Sparklingbrook · 08/04/2014 07:59

The more you think about it the more sad it becomes. Poor, poor Tiger Lily, her father, her mother and now half sister.

CountessOfRule · 08/04/2014 08:03

Of course they'll miss her - what a daft comment.

But it is fair to say that they're too young to retain long-term memories of her - 10 and 20 months is very different from nearly five. They're younger than the threshold for long memories, aren't they?

But they will be in no doubt of her love for them which has been so well documented during their short lives.

basgetti · 08/04/2014 08:17

I was 21 months old when I lost my Mum. I have no memories of her, but the loss has defined all my life and relationships. I used to feel jealous of my older siblings who had lots of memories to treasure where I just had an empty hole. To whoever made that comment, not remembering doesn't make it fine.
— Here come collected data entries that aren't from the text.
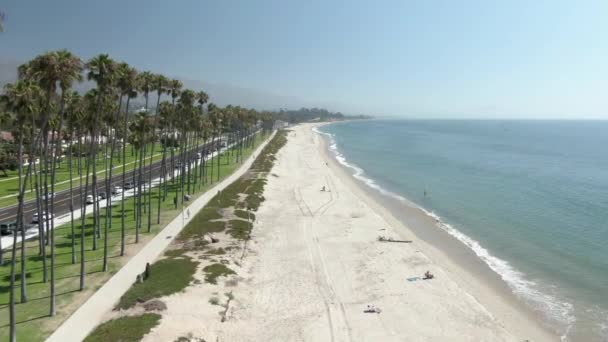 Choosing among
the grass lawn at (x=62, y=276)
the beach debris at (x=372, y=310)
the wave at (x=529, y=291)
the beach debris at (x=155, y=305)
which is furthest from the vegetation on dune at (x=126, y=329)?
the wave at (x=529, y=291)

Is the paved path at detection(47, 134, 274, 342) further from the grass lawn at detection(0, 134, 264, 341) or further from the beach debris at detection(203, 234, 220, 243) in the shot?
the beach debris at detection(203, 234, 220, 243)

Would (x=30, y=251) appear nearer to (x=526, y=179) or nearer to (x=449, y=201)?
(x=449, y=201)

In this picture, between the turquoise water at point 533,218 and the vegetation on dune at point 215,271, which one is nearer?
the vegetation on dune at point 215,271

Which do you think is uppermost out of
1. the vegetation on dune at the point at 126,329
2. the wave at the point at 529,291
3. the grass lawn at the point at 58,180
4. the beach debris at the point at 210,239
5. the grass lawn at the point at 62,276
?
the grass lawn at the point at 58,180

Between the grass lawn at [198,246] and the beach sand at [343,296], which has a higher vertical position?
the grass lawn at [198,246]

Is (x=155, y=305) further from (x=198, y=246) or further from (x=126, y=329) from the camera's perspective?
(x=198, y=246)

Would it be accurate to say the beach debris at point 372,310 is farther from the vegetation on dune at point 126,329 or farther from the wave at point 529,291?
the vegetation on dune at point 126,329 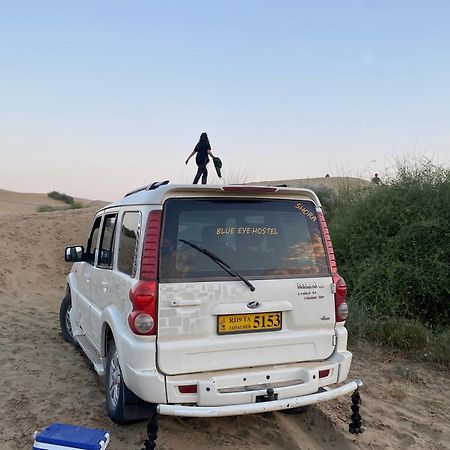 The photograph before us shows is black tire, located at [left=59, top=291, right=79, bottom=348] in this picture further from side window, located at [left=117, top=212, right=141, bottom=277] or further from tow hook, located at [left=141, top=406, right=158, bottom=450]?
tow hook, located at [left=141, top=406, right=158, bottom=450]

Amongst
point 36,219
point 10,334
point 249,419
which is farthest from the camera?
point 36,219

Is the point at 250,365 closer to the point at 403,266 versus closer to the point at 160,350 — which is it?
the point at 160,350

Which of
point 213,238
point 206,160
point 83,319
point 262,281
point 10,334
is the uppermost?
point 206,160

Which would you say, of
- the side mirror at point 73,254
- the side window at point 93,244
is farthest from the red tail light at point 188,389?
the side mirror at point 73,254

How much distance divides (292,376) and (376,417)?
4.60 feet

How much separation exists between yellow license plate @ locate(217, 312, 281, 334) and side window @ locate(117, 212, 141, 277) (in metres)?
0.76

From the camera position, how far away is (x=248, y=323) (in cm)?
347

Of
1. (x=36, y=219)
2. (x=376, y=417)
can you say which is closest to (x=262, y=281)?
(x=376, y=417)

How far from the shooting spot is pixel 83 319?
5.20 m

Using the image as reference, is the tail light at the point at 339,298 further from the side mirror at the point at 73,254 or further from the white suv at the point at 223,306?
the side mirror at the point at 73,254

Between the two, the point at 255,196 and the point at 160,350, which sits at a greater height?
the point at 255,196

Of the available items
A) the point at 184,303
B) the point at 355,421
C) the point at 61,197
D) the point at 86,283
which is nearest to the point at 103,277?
the point at 86,283

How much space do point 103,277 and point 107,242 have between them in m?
0.38

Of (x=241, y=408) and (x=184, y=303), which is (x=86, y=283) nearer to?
(x=184, y=303) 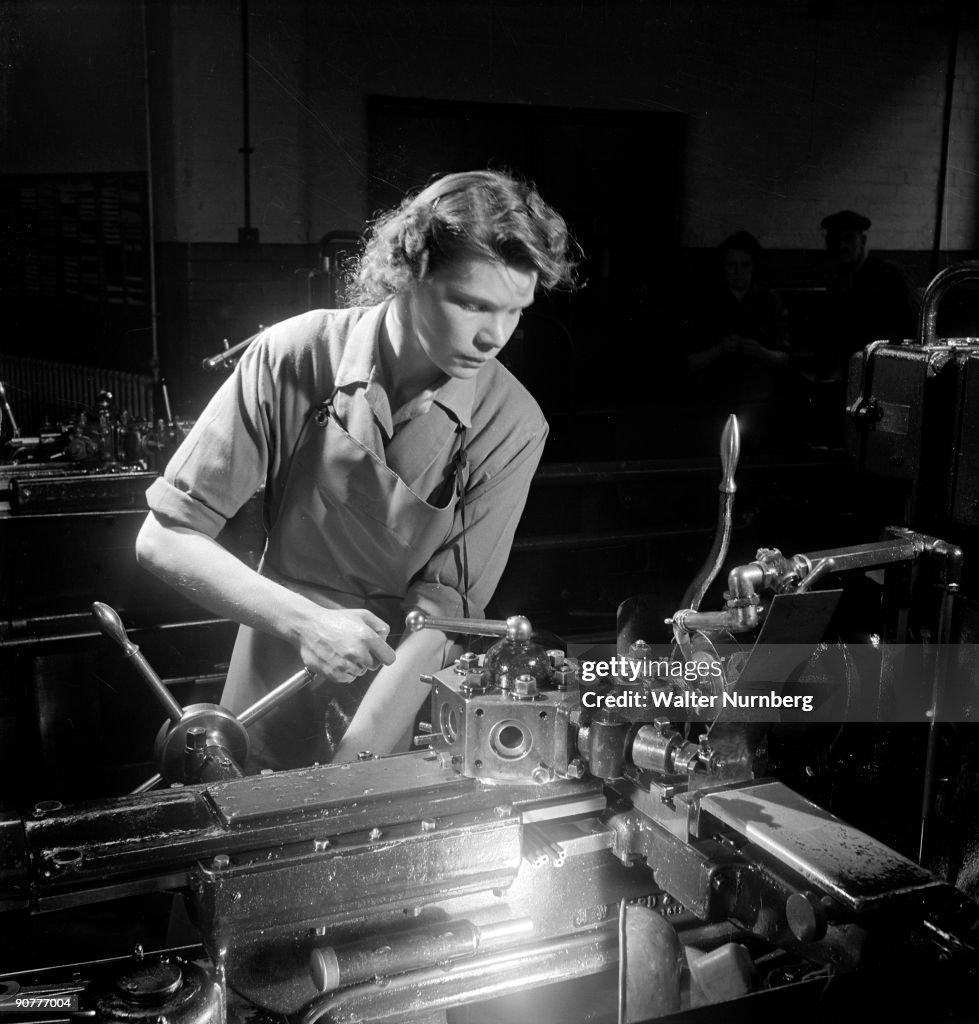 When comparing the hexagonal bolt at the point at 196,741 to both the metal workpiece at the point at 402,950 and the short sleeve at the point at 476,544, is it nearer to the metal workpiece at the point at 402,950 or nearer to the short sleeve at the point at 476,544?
the metal workpiece at the point at 402,950

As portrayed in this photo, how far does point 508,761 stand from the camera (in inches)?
49.3

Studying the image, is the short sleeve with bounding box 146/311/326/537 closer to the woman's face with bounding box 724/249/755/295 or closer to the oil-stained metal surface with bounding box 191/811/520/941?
the oil-stained metal surface with bounding box 191/811/520/941

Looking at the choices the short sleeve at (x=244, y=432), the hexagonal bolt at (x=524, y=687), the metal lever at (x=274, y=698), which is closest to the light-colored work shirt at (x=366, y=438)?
the short sleeve at (x=244, y=432)

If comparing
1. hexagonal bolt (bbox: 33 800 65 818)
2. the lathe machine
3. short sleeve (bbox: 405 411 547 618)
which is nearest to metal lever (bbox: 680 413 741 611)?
the lathe machine

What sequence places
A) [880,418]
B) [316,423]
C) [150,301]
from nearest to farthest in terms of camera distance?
[880,418], [316,423], [150,301]

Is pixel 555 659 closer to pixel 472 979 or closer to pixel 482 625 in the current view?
pixel 482 625

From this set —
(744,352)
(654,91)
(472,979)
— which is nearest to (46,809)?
(472,979)

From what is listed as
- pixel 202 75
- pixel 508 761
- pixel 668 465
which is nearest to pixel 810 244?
pixel 668 465

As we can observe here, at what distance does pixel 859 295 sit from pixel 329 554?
275 cm

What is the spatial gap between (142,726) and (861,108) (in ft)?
13.3

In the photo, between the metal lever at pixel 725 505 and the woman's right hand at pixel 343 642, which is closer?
the metal lever at pixel 725 505

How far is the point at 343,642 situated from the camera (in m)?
1.57

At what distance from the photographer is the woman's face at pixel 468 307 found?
1686 millimetres

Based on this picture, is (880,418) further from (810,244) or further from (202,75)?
(810,244) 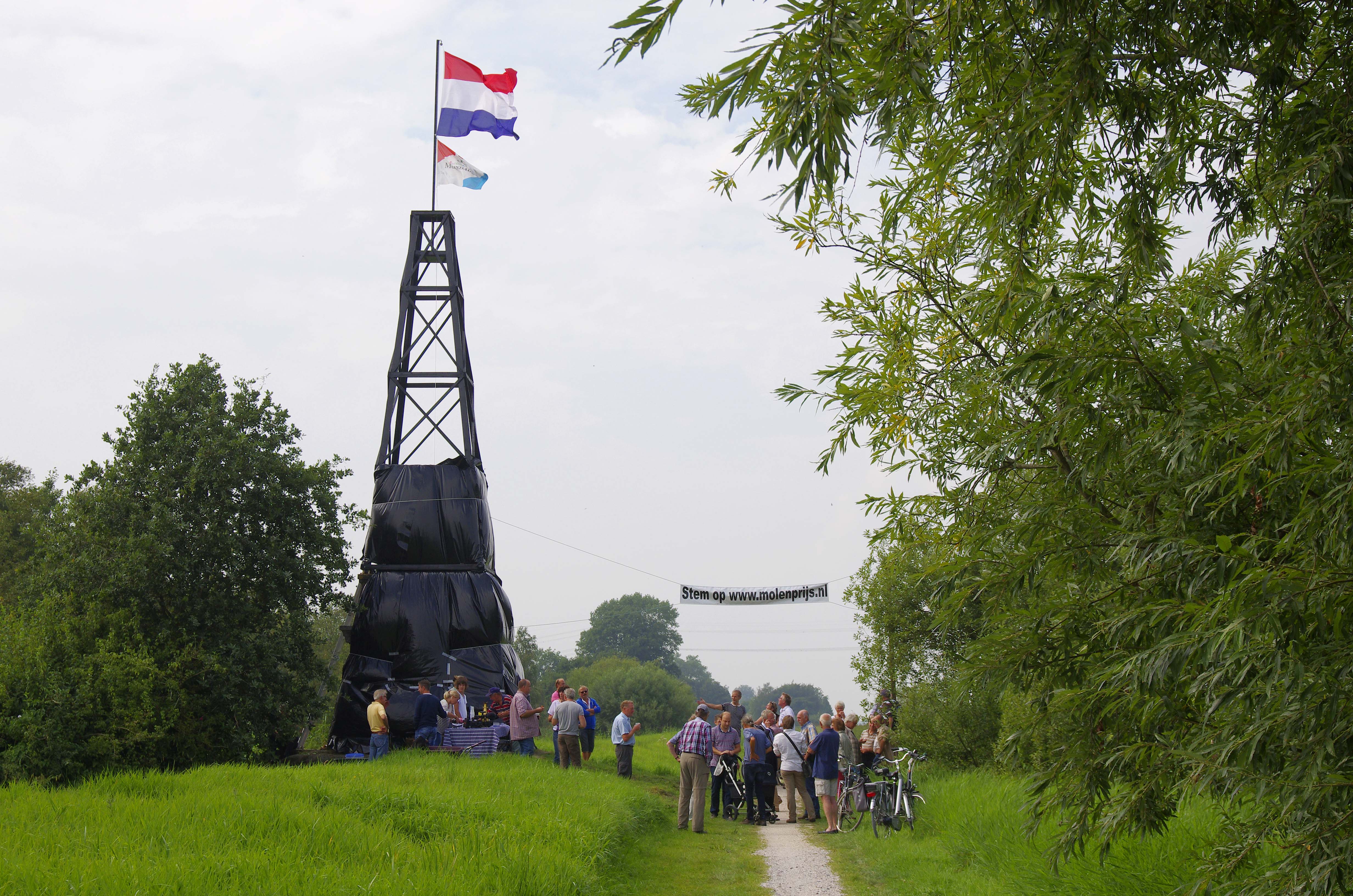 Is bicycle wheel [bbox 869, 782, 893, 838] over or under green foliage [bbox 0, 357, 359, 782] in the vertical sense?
under

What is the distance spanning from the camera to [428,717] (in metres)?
14.1

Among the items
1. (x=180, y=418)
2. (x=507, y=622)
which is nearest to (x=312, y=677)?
(x=507, y=622)

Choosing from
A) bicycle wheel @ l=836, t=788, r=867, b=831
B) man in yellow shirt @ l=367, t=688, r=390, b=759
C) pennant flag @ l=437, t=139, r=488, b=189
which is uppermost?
pennant flag @ l=437, t=139, r=488, b=189

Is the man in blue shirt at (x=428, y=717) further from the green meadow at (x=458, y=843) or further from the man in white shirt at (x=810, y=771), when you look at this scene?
the man in white shirt at (x=810, y=771)

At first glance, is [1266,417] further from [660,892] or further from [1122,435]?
[660,892]

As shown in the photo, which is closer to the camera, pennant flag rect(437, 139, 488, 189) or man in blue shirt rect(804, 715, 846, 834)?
man in blue shirt rect(804, 715, 846, 834)

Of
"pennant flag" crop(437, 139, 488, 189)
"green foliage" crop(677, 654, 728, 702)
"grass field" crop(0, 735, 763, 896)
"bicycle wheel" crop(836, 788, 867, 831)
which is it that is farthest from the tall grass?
"green foliage" crop(677, 654, 728, 702)

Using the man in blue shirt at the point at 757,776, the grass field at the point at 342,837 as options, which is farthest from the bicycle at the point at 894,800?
the man in blue shirt at the point at 757,776

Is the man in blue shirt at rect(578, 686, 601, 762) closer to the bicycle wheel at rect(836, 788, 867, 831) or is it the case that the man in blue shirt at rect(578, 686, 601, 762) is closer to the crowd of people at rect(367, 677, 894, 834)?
the crowd of people at rect(367, 677, 894, 834)

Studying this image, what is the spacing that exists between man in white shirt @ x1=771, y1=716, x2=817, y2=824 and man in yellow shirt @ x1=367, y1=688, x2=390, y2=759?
17.9ft

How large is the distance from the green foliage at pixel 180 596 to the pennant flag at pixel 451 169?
6029mm

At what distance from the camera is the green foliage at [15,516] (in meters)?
25.2

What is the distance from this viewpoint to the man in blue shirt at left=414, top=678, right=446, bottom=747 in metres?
14.0

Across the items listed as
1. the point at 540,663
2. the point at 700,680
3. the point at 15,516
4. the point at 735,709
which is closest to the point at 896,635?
the point at 735,709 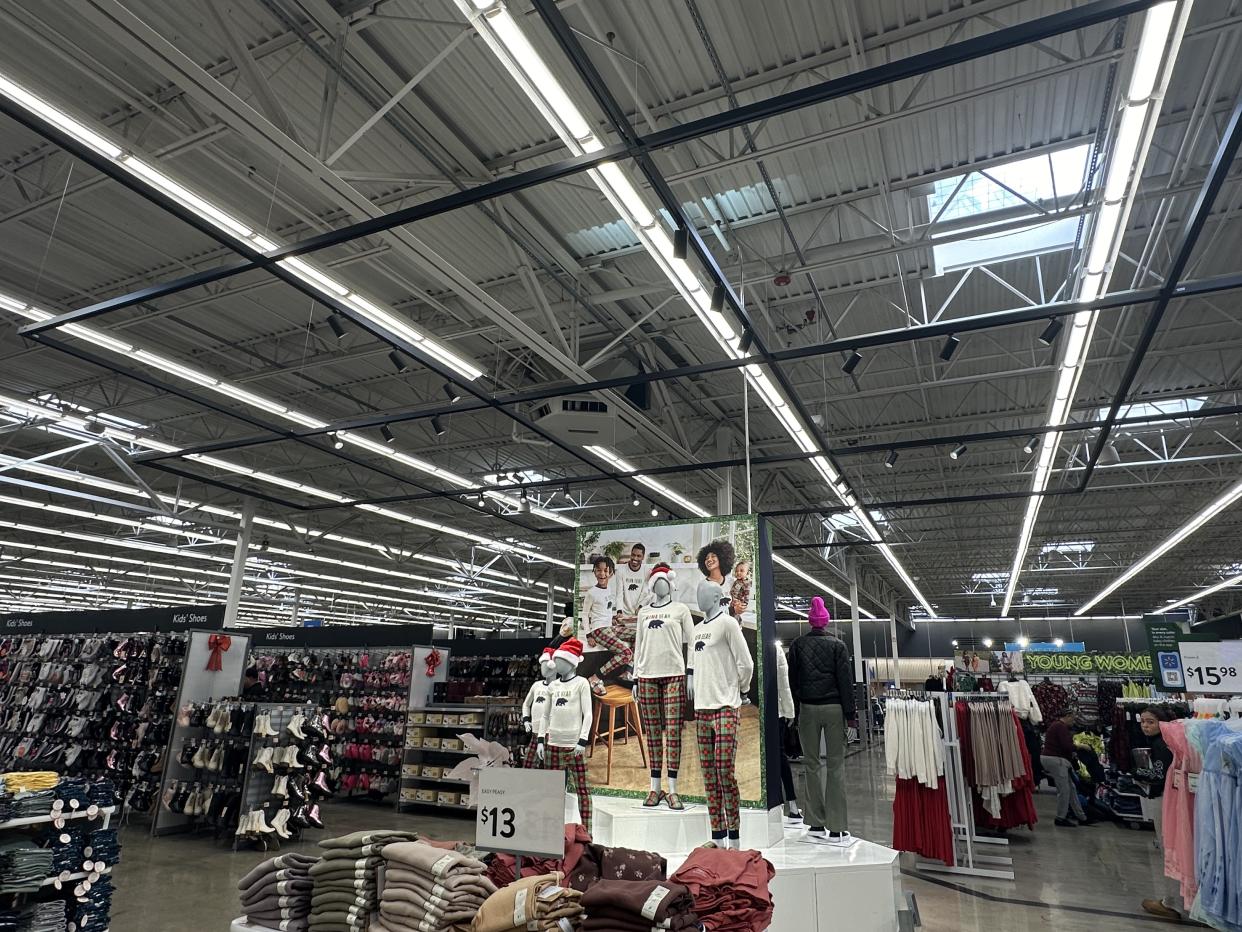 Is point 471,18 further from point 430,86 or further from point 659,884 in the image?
point 659,884

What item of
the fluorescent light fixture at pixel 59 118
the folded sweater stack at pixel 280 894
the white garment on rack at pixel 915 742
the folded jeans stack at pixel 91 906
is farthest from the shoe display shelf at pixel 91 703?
the white garment on rack at pixel 915 742

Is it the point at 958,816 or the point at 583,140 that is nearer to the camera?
the point at 583,140

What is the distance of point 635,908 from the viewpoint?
217 centimetres

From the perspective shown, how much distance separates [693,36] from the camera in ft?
16.6

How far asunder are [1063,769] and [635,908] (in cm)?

StampyIsMyBoyfriend · 08/04/2014 08:26

DM saying no hard drugs found in the house, no suicide note & no obvious signs of injury. We should remember that 'young, healthy people can drop dead, as Jan Moir found to her cost, after Stephen Gately.

I'll say again that I really do no believe she would knowingly take herself away from her family. I just hope the family get answers, and they rally round to raise these little boys.

Peaches did speak in the past about her MIL being a great help, so between the two sides, they shouldn't be short of love.

Still can't believe it though :(

SagaNorensLeatherTrousers · 08/04/2014 08:29

"They're younger than the threshold for long memories, aren't they?"

Yes, but the part of the statement that I most abhor is the "they'll be fine" part of it.

How can anyone know know they will be fine? In the short term, they will probably be confused, distraught, upset. In the long term, they will now grow up without their mum. Well documented sentiment, words from family, and photos will never, ever replace having HER.

Northernlurker · 08/04/2014 08:31

There are lots of ways young people can die suddenly. Asthma, cardiomyopathy, heart arrhythmias, stroke - lots of ways to die. We just pretend to ourselves that we're immortal, partly because I think for most if not all parents, the idea of leaving your dcs is something we run away from very fast unless something changes which means you have to try and face that. It doesn't matter what happened to her. What matters is she's dead and her family are grieving and her sons will grow up with photos and other people's memories and none of their own. That's awful. I feel very sad this morning.

slartybartfast · 08/04/2014 08:36

Fractured so often, but never broken
Sad
Sad
Sad

Lighthousekeeping · 08/04/2014 08:43

I've been thinking about it all night. I think it's because I'm in my forties and remember back to Live Aid etc. and remember the girls been born. I was mesmerised by how she'd grown up into the kind of woman her mum would've been proud of.